» About this exercise: Please repeat nothing except the lines from the one containing "Akülü araca otomobil" through the end of the records, exactly and without pictures.

(Beginning of Information supplied)

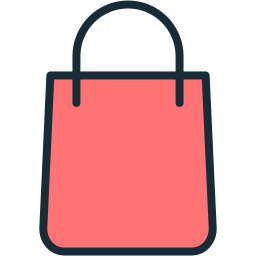 Shopping bag icon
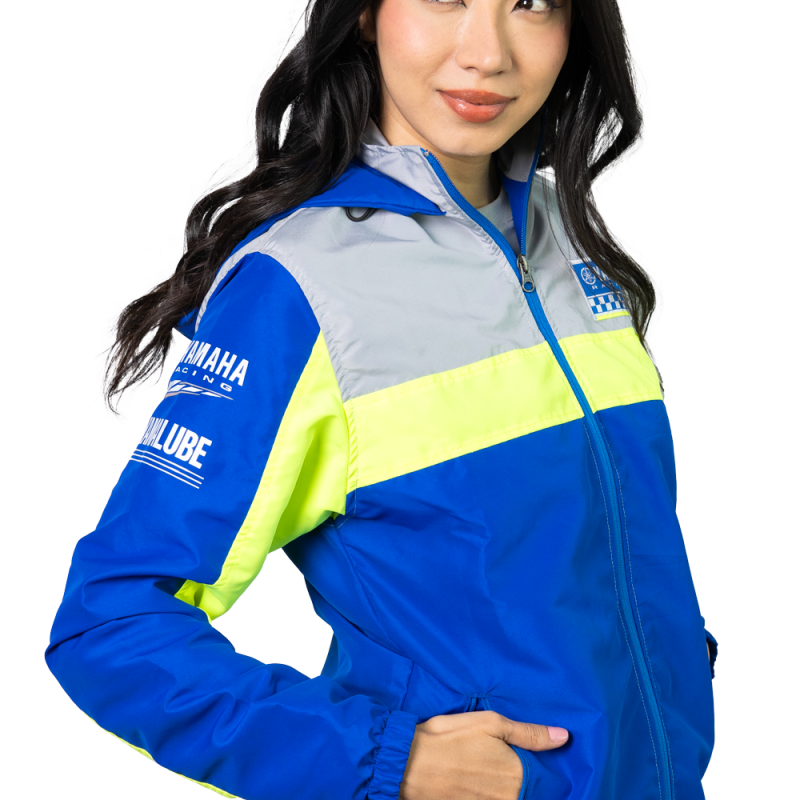 CORTAVIENTOS YAMAHA RACING AZUL FEM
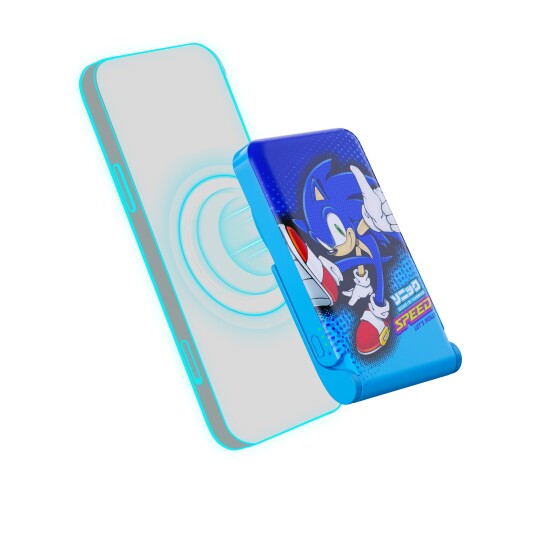 OTL Sonic trådløs magnetisk powerbank 5000 mAh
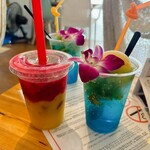 ハンモックカフェ ラ・イスラ - 南国感がある飲みものです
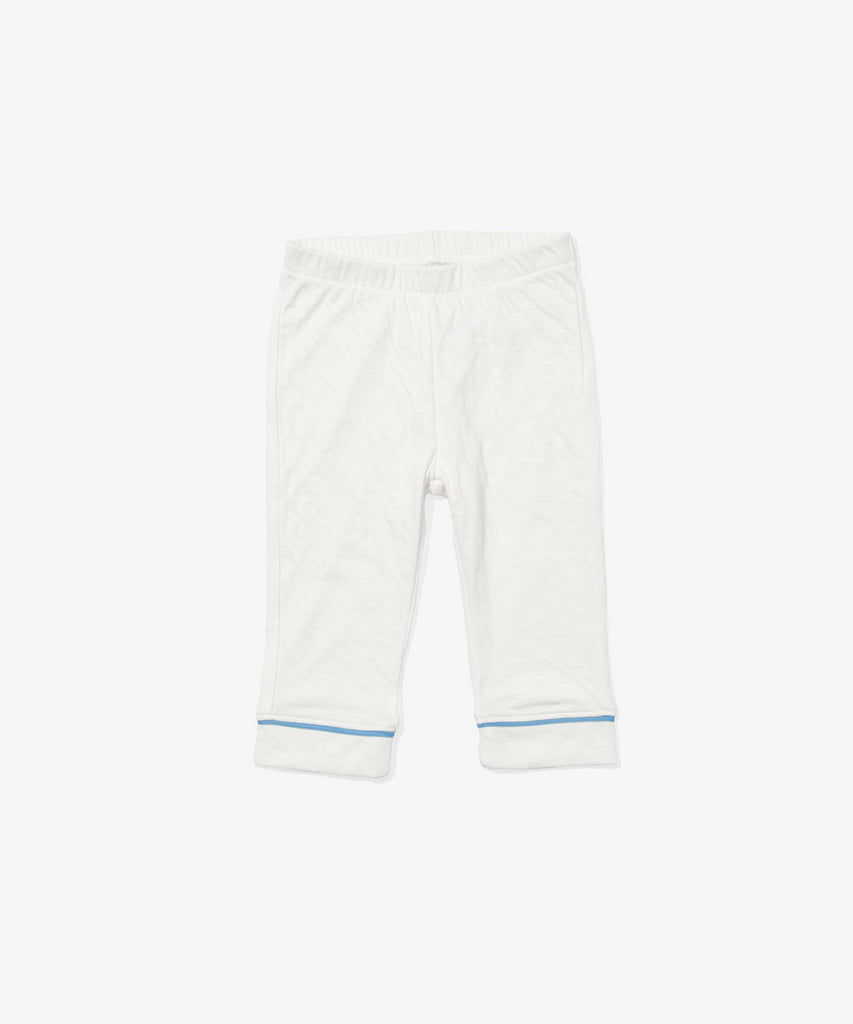 Andy Baby Legging in Blue Piping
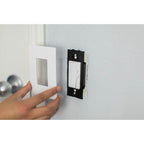 Legrand Radiant Tru-universal Single Pole/3-way Dimmer, Tri Color (wh, Iv, La)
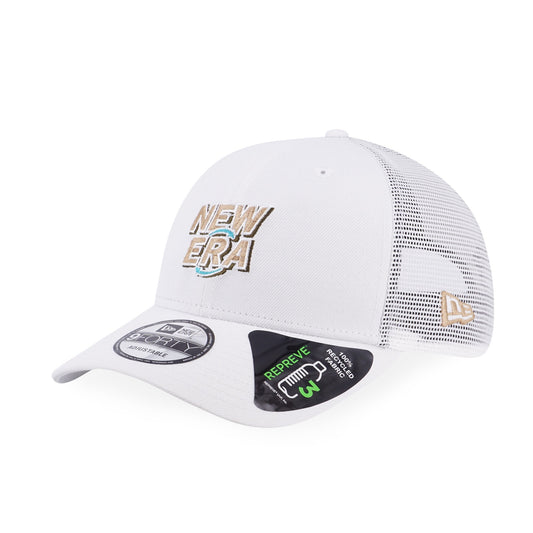 New Era 940 Repreve Mesh White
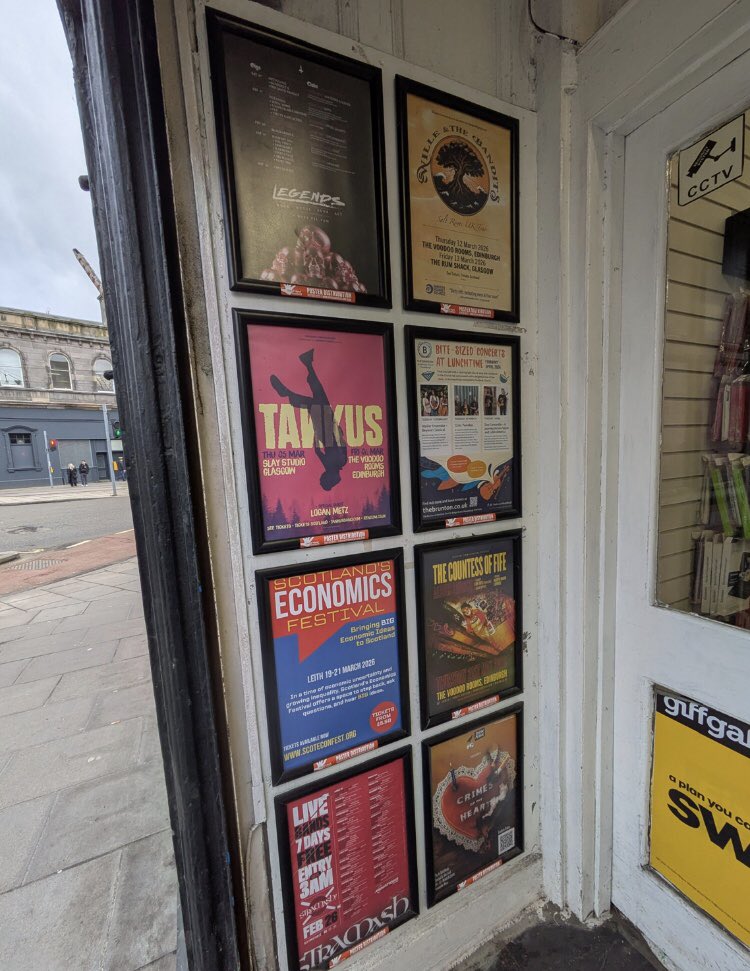 Out of Hand Scotland tweet media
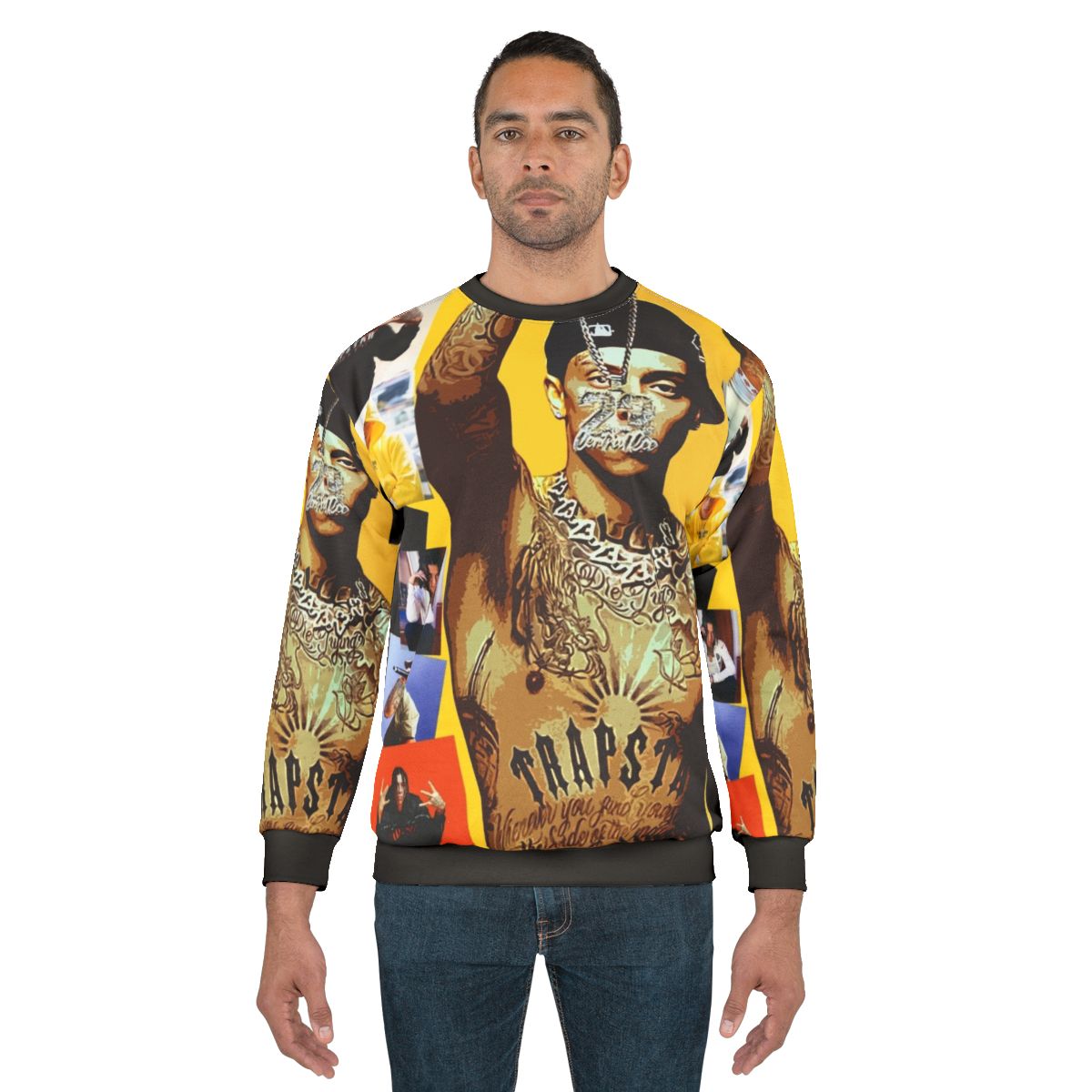 Central Cee Collage Sweatshirt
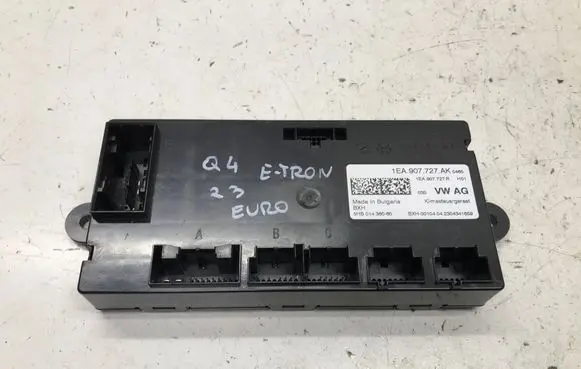 Audi Q4 e-tron Air conditioner control unit module 1EA907727AK 1EA907727R 5HB01436060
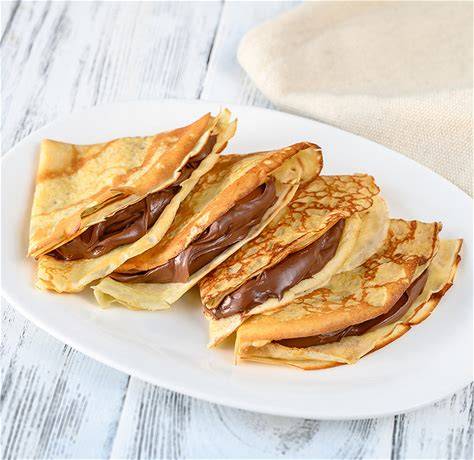 Crêpe nutella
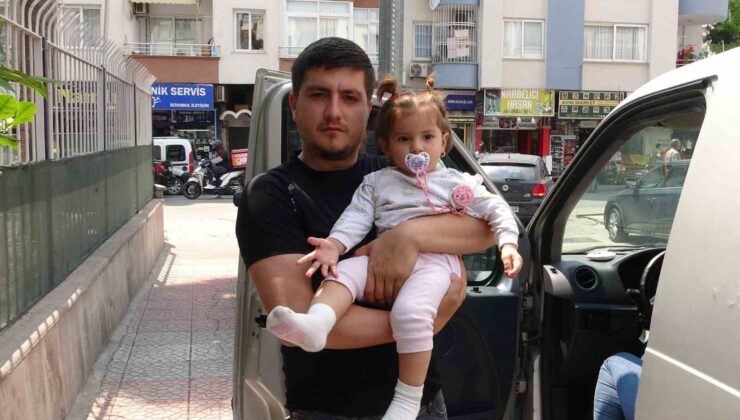 Akülü araca otomobil çarpmıştı: Anı olsun diye çocuğu akülü araca bindirmişler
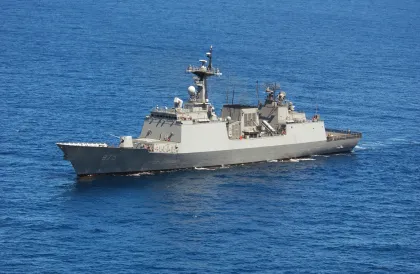 HD Hyundai Heavy Industries Chungmugong Yi Sun-sin-class destroyer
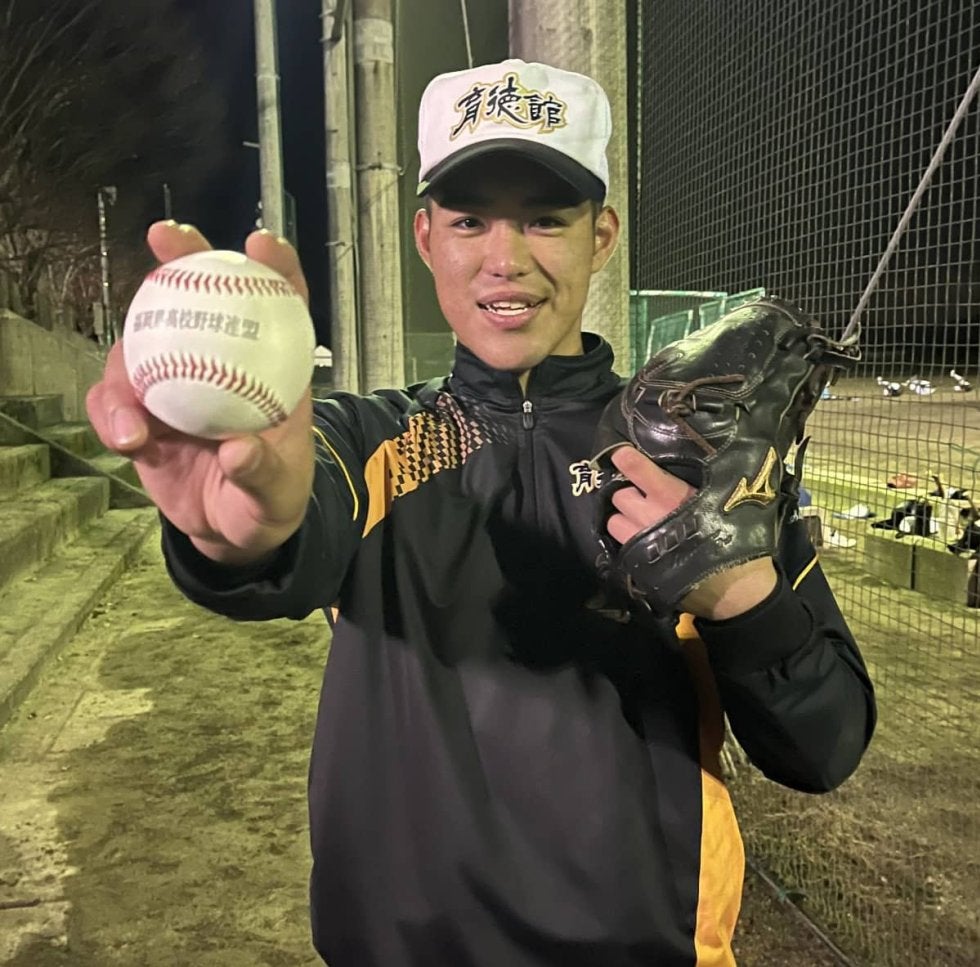 昨秋九州8強に進出！福岡の超伝統校・育徳館エースが語る「快進撃の裏側」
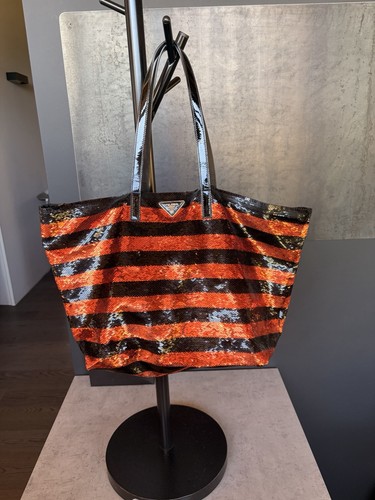 Prada sequin tote - prada, bag
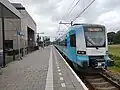 Protos op het station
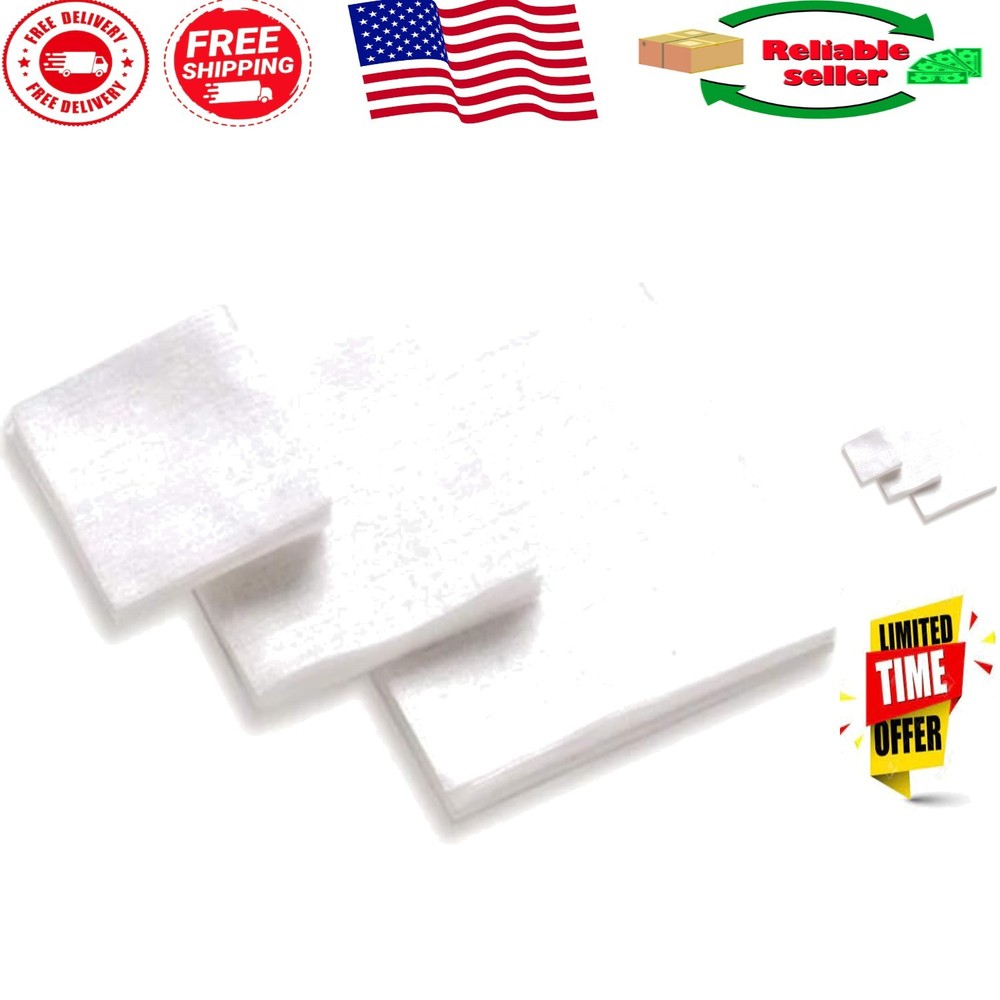 500 Count .38-.45 Cal Pre-Cut Cotton Patches – Essential Gun Cleaning Supplies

(End of Information supplied)

» Solution for this exercise:
 Akülü araca otomobil çarpmıştı: Anı olsun diye çocuğu akülü araca bindirmişler
 HD Hyundai Heavy Industries Chungmugong Yi Sun-sin-class destroyer
 昨秋九州8強に進出！福岡の超伝統校・育徳館エースが語る「快進撃の裏側」
 Prada sequin tote - prada, bag
 Protos op het station
 500 Count .38-.45 Cal Pre-Cut Cotton Patches – Essential Gun Cleaning Supplies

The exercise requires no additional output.